Boost logo

Boost :

From: Christopher Kohlhoff (chris_at_[hidden])
Date: 2005-12-22 23:29:53


Hi Darryl,

--- Darryl Green <darryl.green_at_[hidden]> wrote: <snip>
> I think the design as described by the concepts section is
> very good, but it would be better if the implementation
> offered finer-grained selection of the desired concepts.
> Perhaps this is just an aesthetic concern, and it would be
> easy to modify the existing services, but if these really are
> separate concepts, why are they bundled together? I'm
> concerned that there may be some lack of flexibility in the
> implementation/interface actually offered that isn't apparent
> from the design. The issue of separating out the sync vs async
> interface has already been raised;

This has been extensively discussed elsewhere, but in summary I
can see no compelling reason why there should be a separate
low-level sync-only interface, and many advantages to having
them combined. However I still intend to rename the demuxer to
make its purpose clearer for all sorts of applications.
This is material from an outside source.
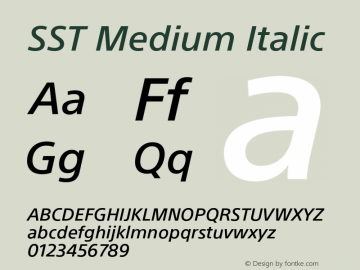 SST Medium Italic Version 1.01, build 10, s3图片样张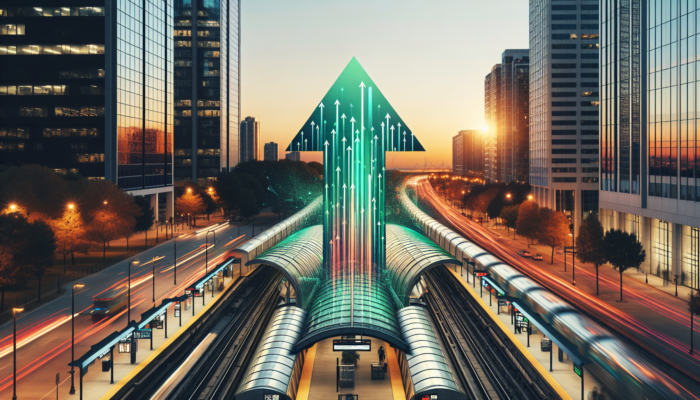 Bustling urban street with a modern subway station, high-rise apartments, upward green arrows symbolising rising property values under a sunset sky.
> I would also like to see the ability to expose a reactive
> rather than proactive interface by using a
> reactive_stream_socket_service in place of an
> async_stream_socket_service. The concepts would seem to allow
> for this.

This is not consistent with the goal of portability. As I
mentioned in the "reactor versus proactor" thread, the proactor
is a more portable pattern than the reactor. In the longer term
I'm not averse to allowing a reactor abstraction to become part
of some secondary public interface, where the restricted
portability is explicitly noted.

> One item that I have difficulty in discerning a clear
> design/rationale for is the demuxer. The demuxer as
> implemented is a repository of services (another wooly concept
> afaiks) and something that provides the run, interrupt and
> related functions to control the scheduling/dispatching of
> handlers in reaction to changes in Async_Object state. Is
> there anything preventing a more policy-based approach to
> assembling services?

The demuxer is composed of services in a similar way to how
std::locale is composed of facets. The demuxer is not
necessarily aware of, or coupled to, the service types that it
contains. For example, the SSL implementation uses a service
that is only added in to the demuxer if SSL is used.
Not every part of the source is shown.